Singer Sona Mohapatra complained to the Mumbai Police in a series of tweets on Monday that the Madariya Sufi Foundation has threatened her to remove her song Tori Surat from all online channels. She told the police that the organisation has claimed the video is vulgar and can incite communal tension.

On Tuesday, Mohapatra posted a link to the music video with the message: “If this offends you, then please go live in your pre-historic cave.” She had first posted the video of Tori Surat, based on lyrics written by 13th-century Sufi musician Amir Khusrau, on April 13. The video has over 58,000 views on YouTube.

Lyricist Javed Akhtar condemned the alleged threats by “regressive and reactionary organisations”. “These mullas should know that Amir Khusrau belongs to every Indian,” he wrote on Twitter. “He is not your property.”

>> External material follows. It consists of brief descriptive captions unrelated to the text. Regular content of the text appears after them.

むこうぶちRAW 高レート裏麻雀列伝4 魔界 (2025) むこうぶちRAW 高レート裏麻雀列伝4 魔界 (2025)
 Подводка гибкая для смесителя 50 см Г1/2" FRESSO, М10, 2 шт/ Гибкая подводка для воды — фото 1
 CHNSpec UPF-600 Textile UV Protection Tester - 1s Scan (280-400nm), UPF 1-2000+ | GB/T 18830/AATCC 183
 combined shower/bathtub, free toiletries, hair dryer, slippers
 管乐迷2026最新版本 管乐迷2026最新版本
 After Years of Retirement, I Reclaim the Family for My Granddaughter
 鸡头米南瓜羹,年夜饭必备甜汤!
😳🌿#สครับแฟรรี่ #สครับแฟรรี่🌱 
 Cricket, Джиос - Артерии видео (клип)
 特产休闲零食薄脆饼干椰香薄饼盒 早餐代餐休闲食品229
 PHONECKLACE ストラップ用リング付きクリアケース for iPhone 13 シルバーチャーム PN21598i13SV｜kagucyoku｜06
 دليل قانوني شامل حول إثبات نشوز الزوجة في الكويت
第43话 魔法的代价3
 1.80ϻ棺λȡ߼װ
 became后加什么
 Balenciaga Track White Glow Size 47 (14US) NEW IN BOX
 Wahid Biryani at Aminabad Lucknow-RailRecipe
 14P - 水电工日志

The video’s description on YouTube says that Mohapatra is seen “in unique earthy incarnations of the feminine divine from different cultures”. It says Facebook followers picked the looks featured in the video as a “collaborative audience interactive project”.

In a series of tweets, Mohapatra said on Monday that the Madariya Sufi Foundation, “along with the agreement of the Nizamuddin Dargah”, had a problem with the description and the “sleeveless dress and body-exposing dancers” in the video.

“Basically [a problem] with everything woman [and] free,” she wrote. “Why is it that in this day [and] age the women [are] expected to cover up, not sing or dance in public?”

Mohapatra tweeted later that the Mumbai Police were in touch with her and had handled the matter in a “very mature and considered manner”.